Leave the images aside and output every entry exactly.

[Items from a data source]

####################

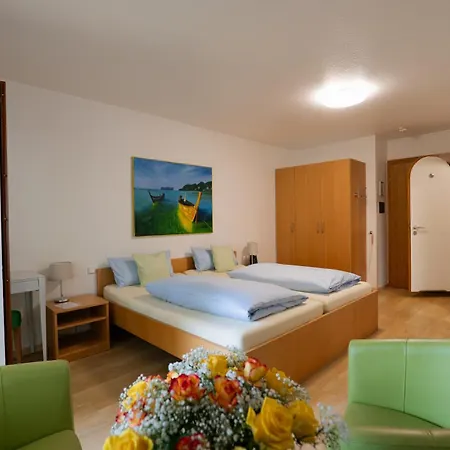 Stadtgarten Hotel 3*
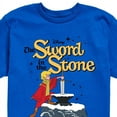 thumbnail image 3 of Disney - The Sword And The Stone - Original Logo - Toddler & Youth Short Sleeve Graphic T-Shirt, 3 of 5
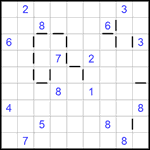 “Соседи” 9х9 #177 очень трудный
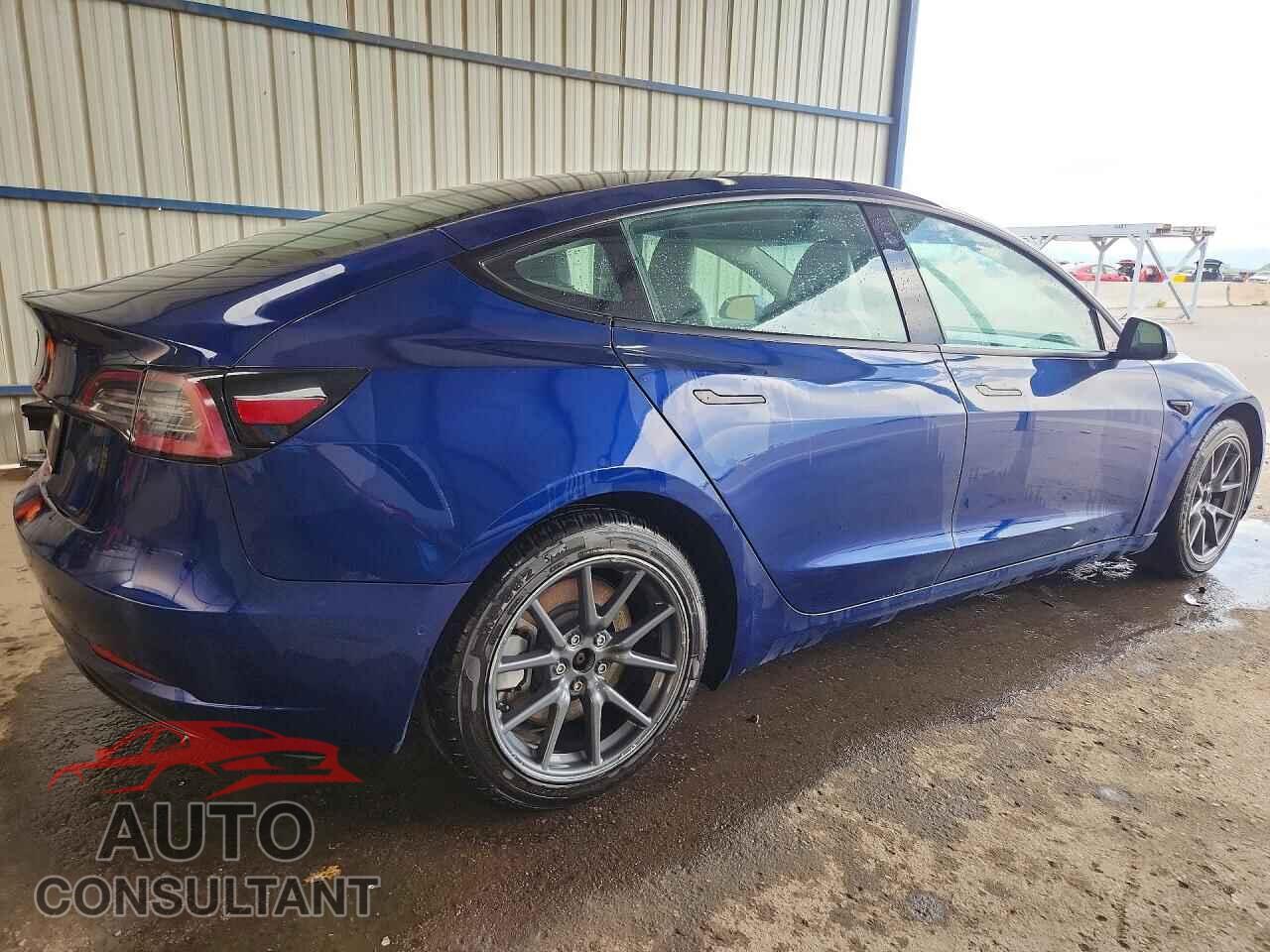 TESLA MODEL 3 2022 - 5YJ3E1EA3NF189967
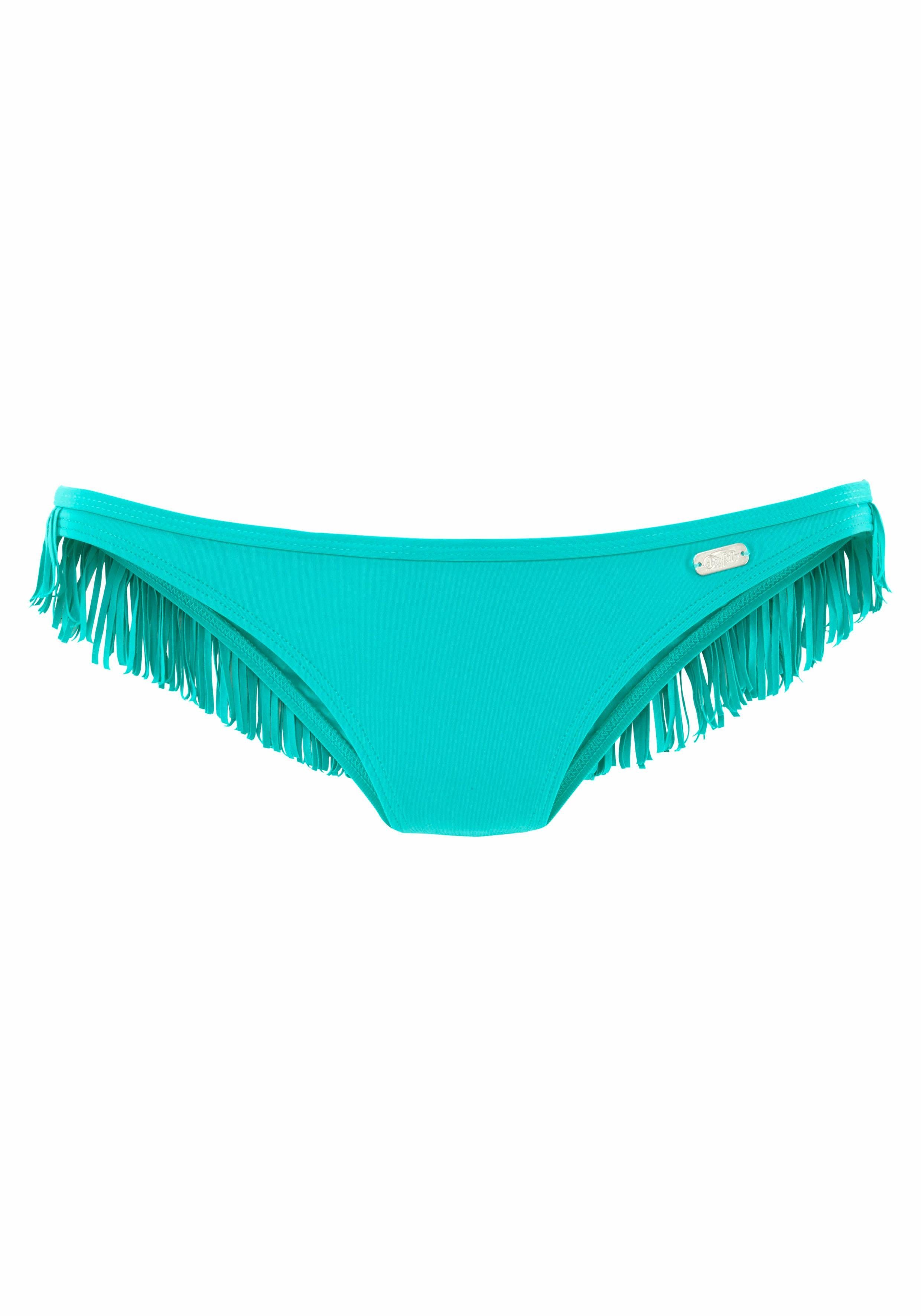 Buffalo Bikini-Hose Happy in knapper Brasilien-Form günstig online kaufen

####################

EXPECTED ANSWER:
 Stadtgarten Hotel 3*
 thumbnail image 3 of Disney - The Sword And The Stone - Original Logo - Toddler & Youth Short Sleeve Graphic T-Shirt, 3 of 5
 “Соседи” 9х9 #177 очень трудный
 TESLA MODEL 3 2022 - 5YJ3E1EA3NF189967
 Buffalo Bikini-Hose Happy in knapper Brasilien-Form günstig online kaufen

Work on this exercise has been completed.